Vediamo di capirci qualcosa, riprendendo delle considerazioni già fatte nei giorni scorsi.
Berlusconi vuole le elezioni subito. O, almeno, dice di volerle. Non è vero, non può essere vero. Il Cavaliere sa che se la prossima legislatura non terrà conto dei tempi previsti dalla Costituzione (art. 82) per l'elezione del Capo dello Stato, nel 2013 non potrà candidarsi. Napolitano conclude il suo mandato il 10 maggio 2013. Se a quella data mancano meno di tre mesi alla fine della legislatura saranno le nuove camere ad eleggere il Presidente della Repubblica. I conti sono presto fatti. Le nuove camere si devono insediare dopo il 10 maggio di quest'anno. Quindi si può votare da maggio-giugno in poi.

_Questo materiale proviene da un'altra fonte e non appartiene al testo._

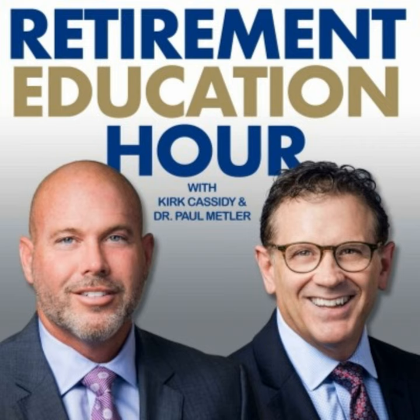What we're going to teach you is that success isn't driven by what you invest in, but rather where you're taking your income from. It's more income timing than investment timing — very different.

Berlusconi vuole le elezioni subito perchè immagina di trarre un rilevante
vantaggio dal discredito che ha colpito la Sinistra a seguito dei risultati deludenti del governo Prodi. Veltroni e D'Alema ne sono consapevoli per cui sperano che un governo di transizione, che magari dia respiro all'economia e, comunque, allontani l'immagine negativa del governo che ha espresso limiterebbe la sconfitta.
Berlusconi pertanto non vuole
un governo di transizione, neppure per fare la legge elettorale. E' vero che se fosse un governo che vedesse impegnati alcuni "tecnici" di area di Centrodestra potrebbe trarne qualche vantaggio, far vedere che i suoi sono in condizione di governare meglio di quanto abbia fatto il suo governo nel quinquennio 2001-2006. Ma queste considerazioni non credo convincano il Cavaliere che ha un'idea tutta sua della politica e dei rapporti con la governabilità.
Il gioco degli interessi non si esaurisce qui. Perchè ci sono i peones che temono la conclusione della legislatura prima di maturare la pensione. Sono soprattutto i neoparlamentari. La cosa non interessa chi ha alle spalle altre legislature o ha una ragionevole certezza di essere rieletto, soprattutto se non sarà modificata la legge elettorale che mette in mano ai partiti in pratica l'elezione dei singoli. Molti temono il ripristino delle preferenze per cui è meglio portare a casa la pensione.
In questo gioco di interessi non sempre nobili, nel balletto
delle dichiarazioni e delle intenzioni vere Casini può avere la sponda della Sinistra e dei piccoli partiti, nella prospettiva di una federazione di centro, cui lavorano un pò tutti gli ex democristiani.
Torna in gioco anche un big della Prima Repubblica, quel Gianni Prandini, uno dei migliori cervelli della DC, grande organizzatore, ottimo Ministro, uscito indenne (assolto perchè il fatto non sussiste) da una vicenda di appalti ANAS quando era ministro dei lavori pubblici. La federazione di centro cui lavorano anche Baccini e Tabacci costituirebbe un terzo polo di significativa consistenza. Ai margini rimane AN di cui Fini non ha saputo fare il socio fondatore del Partito delle libertà, per cui si accorda ora al Cavaliere dopo una sfuriata della quale nessuno ha percepito l'utilità politica. La Lega è un fenomeno localistico, che raccoglie differenti e spurie sollecitazioni ideologiche filtrate dalla circostanza di essere nati o risiedere nel lombardo veneto dell' Imperial
Regio Governo.
Con questo quadro, se ci sarà un reincarico a Prodi con una diversa formazione, soluzione che il Presidente Napolitano potrebbe essere indotto ad adottare per un formale rispetto dell'esito elettorale del 2006, Berlusconi ne avrebbe tutti i vantaggi che si sono detti, primo fra tutti quello di rientrare nei "tempi" dell'elezione del nuovo capo dello Stato nel 2013.
Vedremo cosa porteranno la riflessione del fine settimana e le consultazioni che riprendono domani.